Unfortunately, I did not record the name of this room, but it was on the same side of the upper floor as the Queen's rooms.
 Again, the ceilings were magnificent, if in need of repair. Note what appear to be white sticky-notes all over the ceiling...was this to temporarily hold it together, or mark where repair is needed?
 Another view of an adjacent room with a huge paiting. And a mass of tourists. Yikes. It was in this room that I saw a maintenance worker use a huge skeleton key (it must have been 9 inches long and 4 inches deep) to unlock one of the doors and enter a private room. They really did use those things!!
 We were then routed downstairs via stone steps that had been used so often that deep ruts had been worn into them along the ends, close the the handrails.
 Downstairs, we were led through a number of rooms that had been redecorated in the style of the era. Very beautiful. The carpet looks very faded from the years of sunlight.
 Obviously some sort of library...I am not sure if the books and other furnishings are original (they may have been able to retrieve them after the looting during the Revolution), but I am sure they are authentic to the time period.
 I have been talking about getting a massive globe for our living room, so I was surprised to see this gem at Versailles. This is much more elaborate than I want, as it opens up to reveal a topographic map of the earth's surface. Either that or it shows the underworld!
 Here is a close-up of it. Very massive.
 The first huge globe I saw was at Mount Vernon, in George Washington's home. I think that is where the seed was planted for wanting my own.
 To show you the wood in Versailles and its condition, I took this closeup of a downstairs wall. As you can see, time has taken its toll.
 Another shot showing the same thing. Make no mistake about it, millions of dollars are being invested to restore portions of the estate and they are making every effort to keep as much of it open to the public as possible at all times. It is going to take awhile to restore the whole thing - and then it will be time to start all over again!
And finally, one more unknown downstairs room. Well, that has been our quick tour of the chateau. I have skipped many of the rooms, and we probably saw much less than half of the palace when we went through. It is worth the hour trip from Paris, but what makes this such a fabulous place to visit is what we are going to show you tomorrow...the surrounding gardens. Stay tuned.

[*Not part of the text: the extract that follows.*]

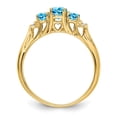 thumbnail image 2 of 14K Yellow Gold Ring Band 2 mm Diamond & Gemstone Mounting, 2 of 4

Photos in this post: Canon S5 IS


Anonymous said...

Your pictures are very beautiful and your information, well, informative. :]

I have enjoyed looking through your site! Thanks for the posts!
Keep up the great work.

God Bless

Anonymous said...

Been there myself. Words can't describe it. One needs to experience this Chateau. It was amazing and would love to back someday. Coming across your site brought it all back to me again like it was yesterday. Thanks.

J said...

Couldn't agree more - words just can't describe it!